━━━ Information provided ━━━

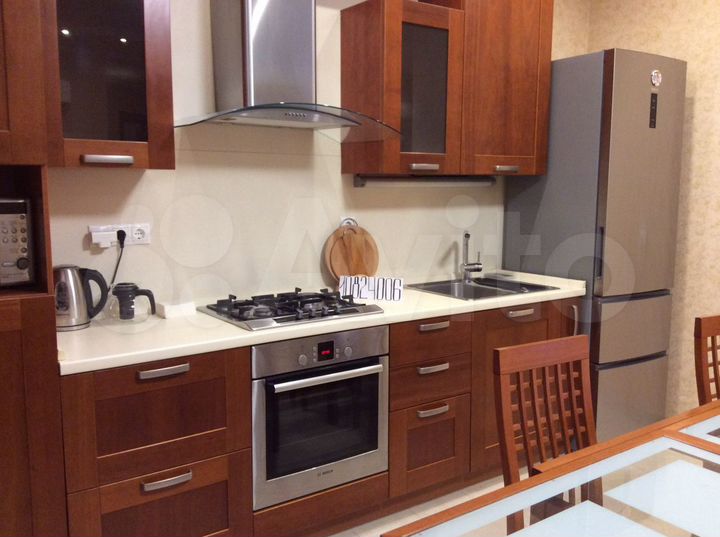 3-к. квартира, 68 м², 3/13 эт.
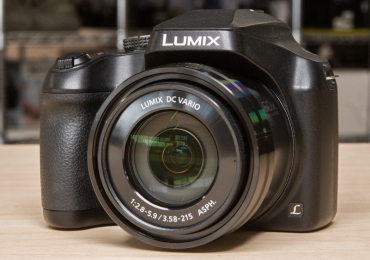 Panasonic LUMIX 4K Digital Camera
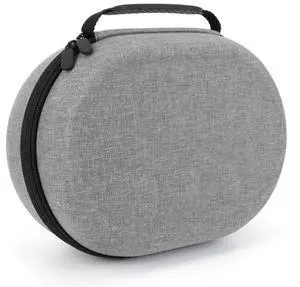 Carrying Case Bag Shockproof Protective Bag Case Anti-Scratch Hard Carry Bag Partition with Mesh Bag for Quest 3 Headset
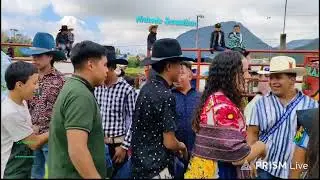 Fiesta en honor a santo Jos&eacute; S&aacute;nchez del rio, turicuaro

━━━

Activity: With the pictures set aside, return each line of the listing exactly as given.

Answer section:
 3-к. квартира, 68 м², 3/13 эт.
 Panasonic LUMIX 4K Digital Camera
 Carrying Case Bag Shockproof Protective Bag Case Anti-Scratch Hard Carry Bag Partition with Mesh Bag for Quest 3 Headset
 Fiesta en honor a santo Jos&eacute; S&aacute;nchez del rio, turicuaro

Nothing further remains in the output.